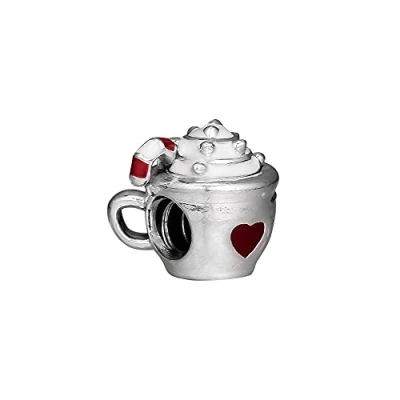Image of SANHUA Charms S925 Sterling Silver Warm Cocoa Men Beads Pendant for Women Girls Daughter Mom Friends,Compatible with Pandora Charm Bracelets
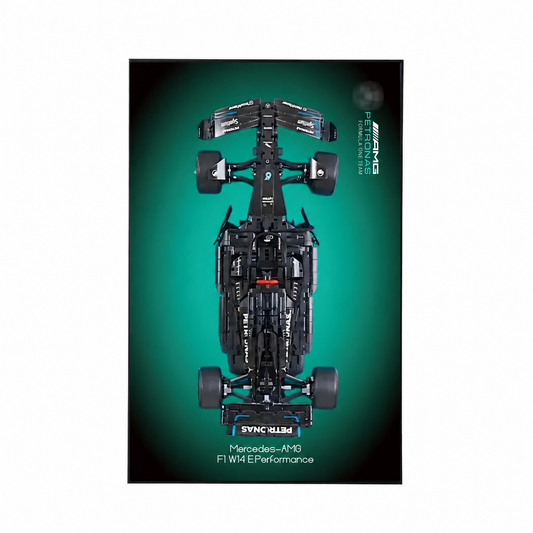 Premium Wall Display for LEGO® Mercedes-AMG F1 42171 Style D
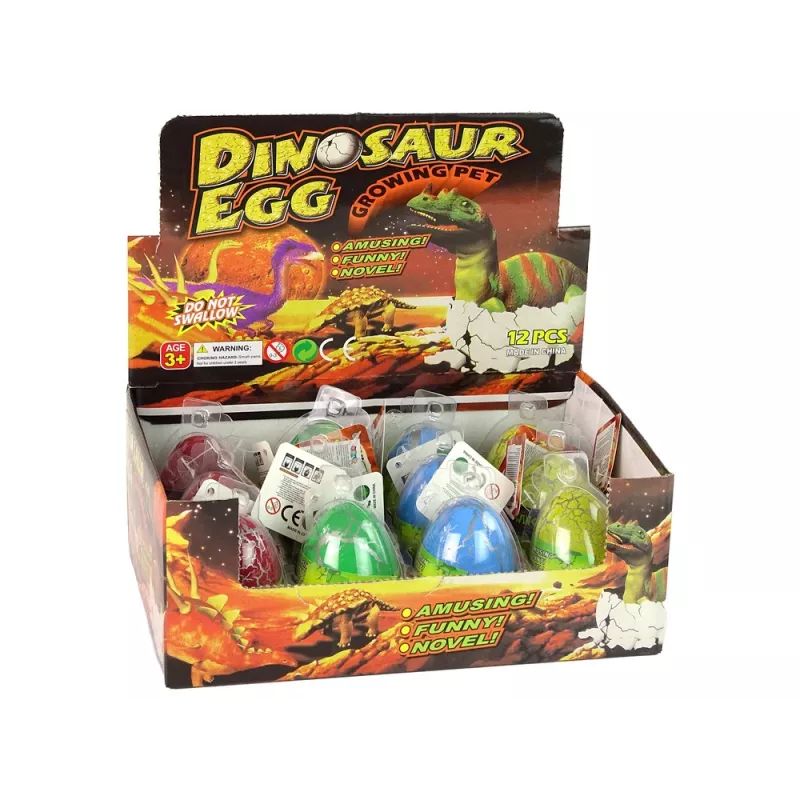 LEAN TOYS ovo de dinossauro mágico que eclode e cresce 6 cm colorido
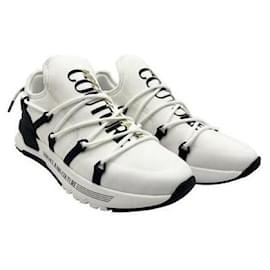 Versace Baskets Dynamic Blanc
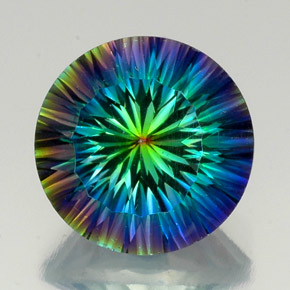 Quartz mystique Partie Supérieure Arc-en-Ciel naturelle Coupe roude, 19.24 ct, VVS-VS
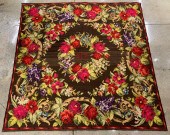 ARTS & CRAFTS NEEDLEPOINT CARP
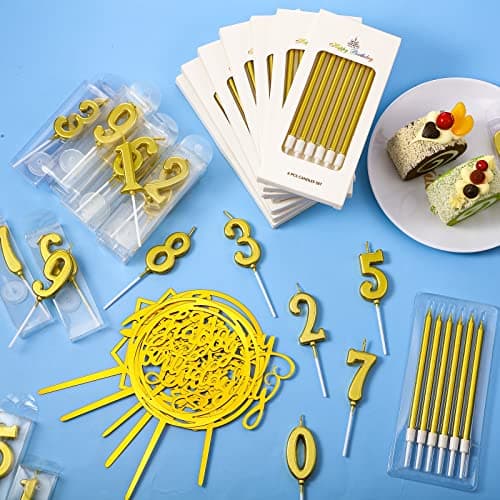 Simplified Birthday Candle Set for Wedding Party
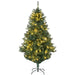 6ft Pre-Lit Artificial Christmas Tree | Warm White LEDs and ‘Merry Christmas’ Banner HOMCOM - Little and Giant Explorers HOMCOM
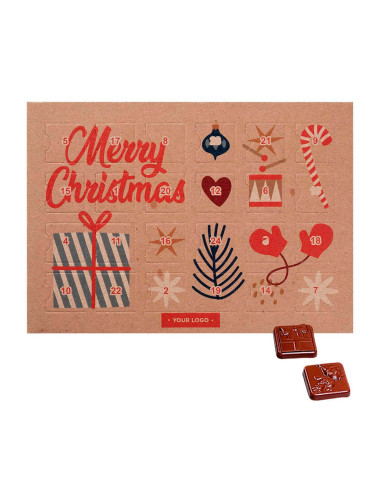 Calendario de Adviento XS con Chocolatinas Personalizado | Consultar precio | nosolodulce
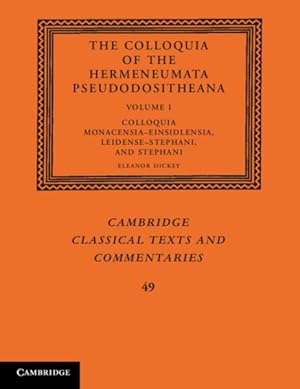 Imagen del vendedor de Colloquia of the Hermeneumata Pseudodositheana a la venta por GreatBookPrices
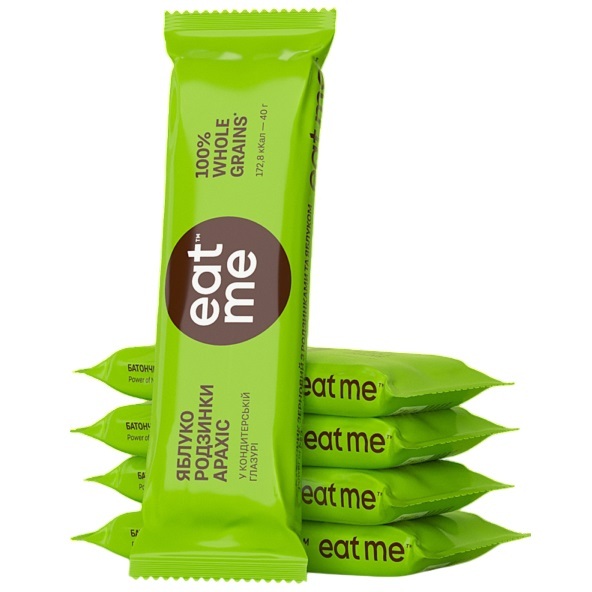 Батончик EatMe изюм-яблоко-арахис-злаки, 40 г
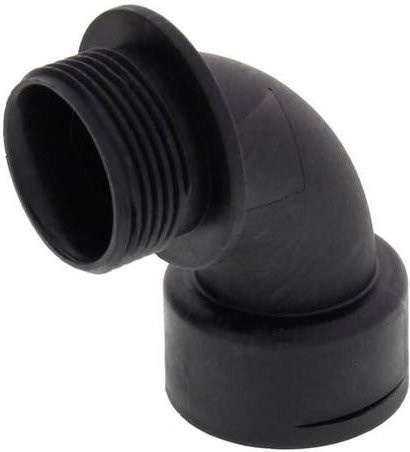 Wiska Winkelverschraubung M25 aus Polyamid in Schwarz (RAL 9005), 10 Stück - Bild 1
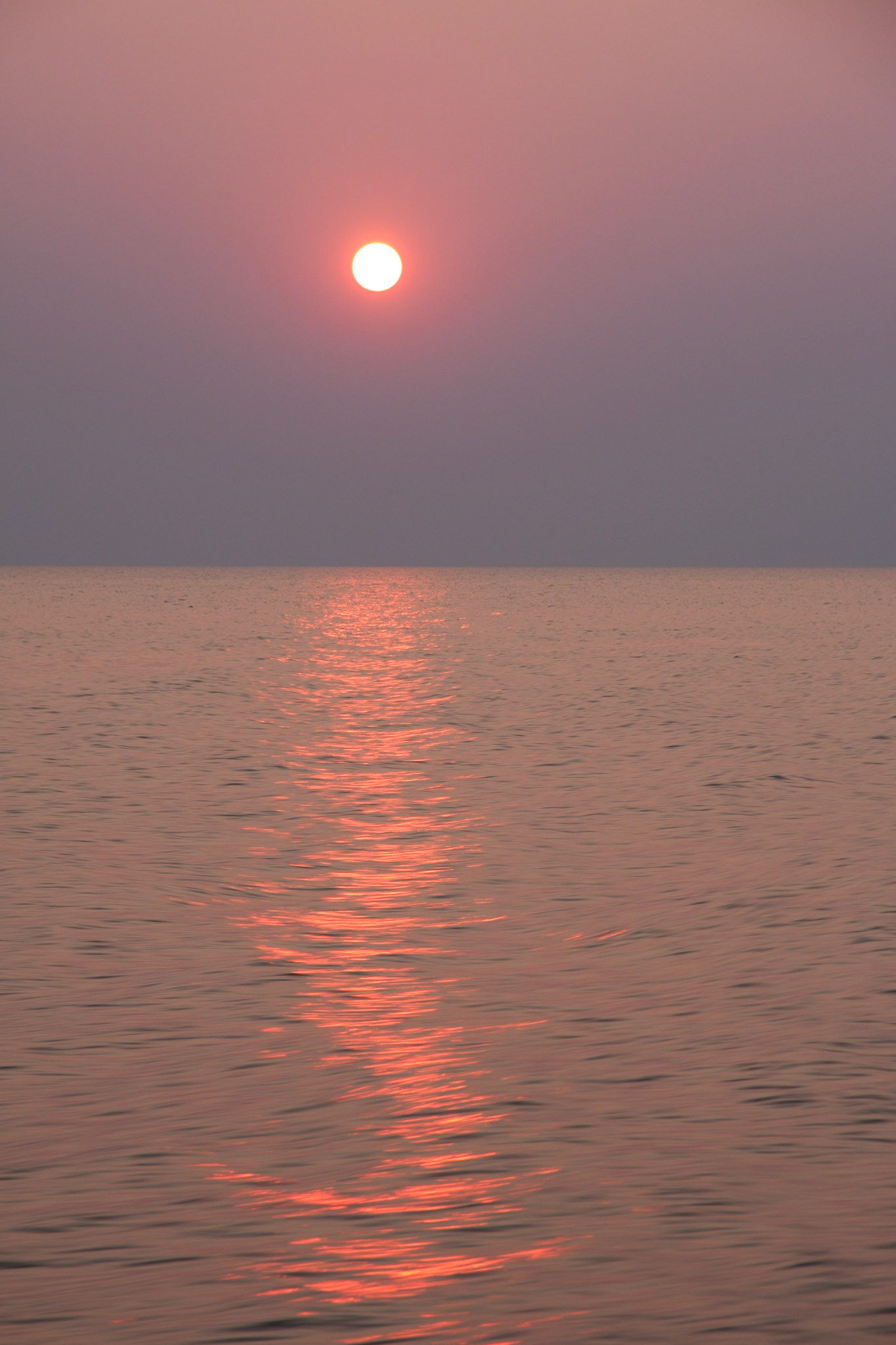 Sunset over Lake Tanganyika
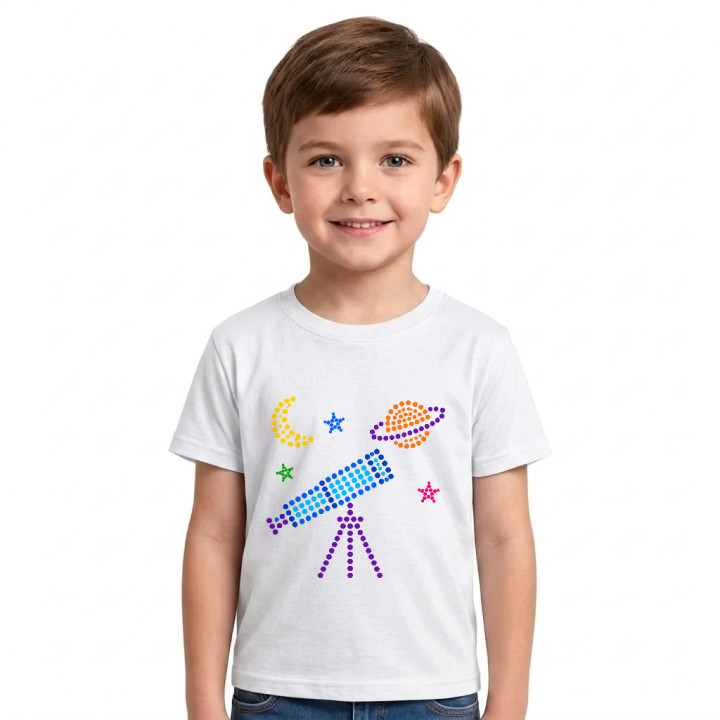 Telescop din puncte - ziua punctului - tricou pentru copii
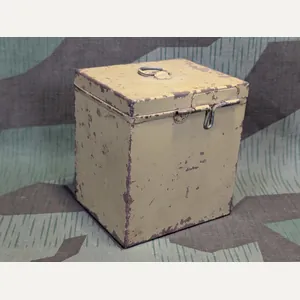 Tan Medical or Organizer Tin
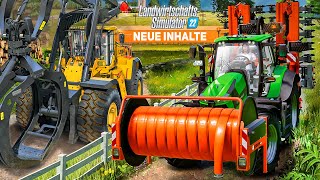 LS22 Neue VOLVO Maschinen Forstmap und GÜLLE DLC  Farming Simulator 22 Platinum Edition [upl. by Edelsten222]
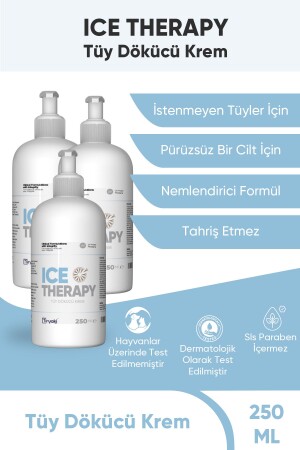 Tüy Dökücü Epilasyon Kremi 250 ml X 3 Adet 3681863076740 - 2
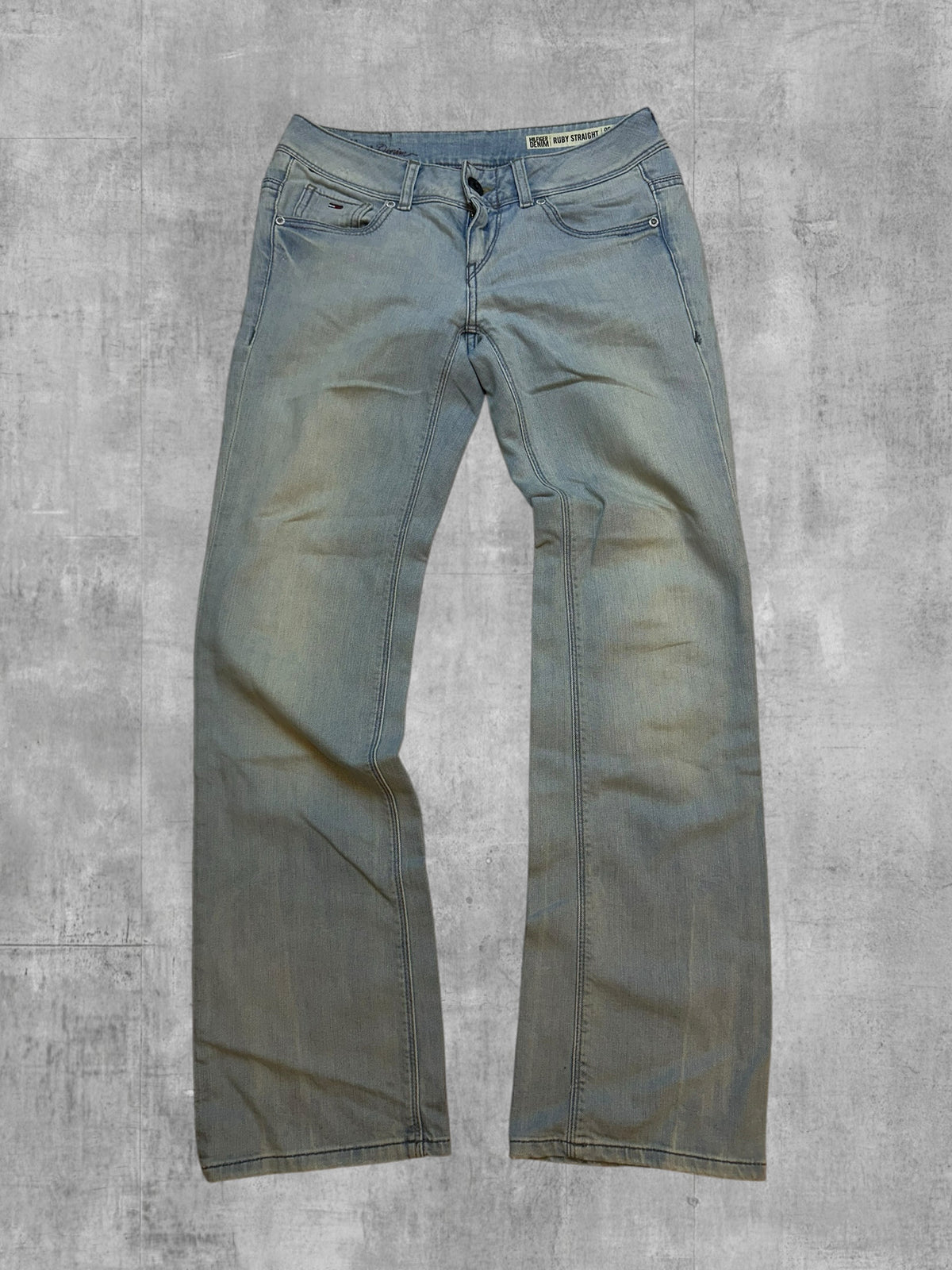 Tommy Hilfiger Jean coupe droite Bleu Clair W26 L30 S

_WHAT IS EXPECTED_
Once the pictures are set aside, transcribe the remaining lines above exactly.

_RESPONSE TO THE TASK_
Image of SANHUA Charms S925 Sterling Silver Warm Cocoa Men Beads Pendant for Women Girls Daughter Mom Friends,Compatible with Pandora Charm Bracelets
 Premium Wall Display for LEGO® Mercedes-AMG F1 42171 Style D
 LEAN TOYS ovo de dinossauro mágico que eclode e cresce 6 cm colorido
 Versace Baskets Dynamic Blanc
 Quartz mystique Partie Supérieure Arc-en-Ciel naturelle Coupe roude, 19.24 ct, VVS-VS
 ARTS & CRAFTS NEEDLEPOINT CARP
 Simplified Birthday Candle Set for Wedding Party
 6ft Pre-Lit Artificial Christmas Tree | Warm White LEDs and ‘Merry Christmas’ Banner HOMCOM - Little and Giant Explorers HOMCOM
 Calendario de Adviento XS con Chocolatinas Personalizado | Consultar precio | nosolodulce
 Imagen del vendedor de Colloquia of the Hermeneumata Pseudodositheana a la venta por GreatBookPrices
 Батончик EatMe изюм-яблоко-арахис-злаки, 40 г
 Wiska Winkelverschraubung M25 aus Polyamid in Schwarz (RAL 9005), 10 Stück - Bild 1
 Sunset over Lake Tanganyika
 Telescop din puncte - ziua punctului - tricou pentru copii
 Tan Medical or Organizer Tin
 LS22 Neue VOLVO Maschinen Forstmap und GÜLLE DLC  Farming Simulator 22 Platinum Edition [upl. by Edelsten222]
 Tüy Dökücü Epilasyon Kremi 250 ml X 3 Adet 3681863076740 - 2
 Tommy Hilfiger Jean coupe droite Bleu Clair W26 L30 S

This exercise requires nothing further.